Could you set down all of the data again, exactly as it stands?

Material supplied START

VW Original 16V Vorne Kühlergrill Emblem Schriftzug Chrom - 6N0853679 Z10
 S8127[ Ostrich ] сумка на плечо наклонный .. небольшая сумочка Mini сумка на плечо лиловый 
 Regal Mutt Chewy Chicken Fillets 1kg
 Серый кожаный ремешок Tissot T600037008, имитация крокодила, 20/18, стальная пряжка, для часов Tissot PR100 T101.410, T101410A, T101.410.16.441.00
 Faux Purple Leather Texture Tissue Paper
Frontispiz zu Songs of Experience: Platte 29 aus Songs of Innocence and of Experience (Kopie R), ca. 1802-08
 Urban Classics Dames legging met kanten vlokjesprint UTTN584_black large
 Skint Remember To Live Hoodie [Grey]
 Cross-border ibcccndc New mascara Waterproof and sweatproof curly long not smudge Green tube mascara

Material supplied END

- _Answer to the problem_
VW Original 16V Vorne Kühlergrill Emblem Schriftzug Chrom - 6N0853679 Z10
 S8127[ Ostrich ] сумка на плечо наклонный .. небольшая сумочка Mini сумка на плечо лиловый 
 Regal Mutt Chewy Chicken Fillets 1kg
 Серый кожаный ремешок Tissot T600037008, имитация крокодила, 20/18, стальная пряжка, для часов Tissot PR100 T101.410, T101410A, T101.410.16.441.00
 Faux Purple Leather Texture Tissue Paper
Frontispiz zu Songs of Experience: Platte 29 aus Songs of Innocence and of Experience (Kopie R), ca. 1802-08
 Urban Classics Dames legging met kanten vlokjesprint UTTN584_black large
 Skint Remember To Live Hoodie [Grey]
 Cross-border ibcccndc New mascara Waterproof and sweatproof curly long not smudge Green tube mascara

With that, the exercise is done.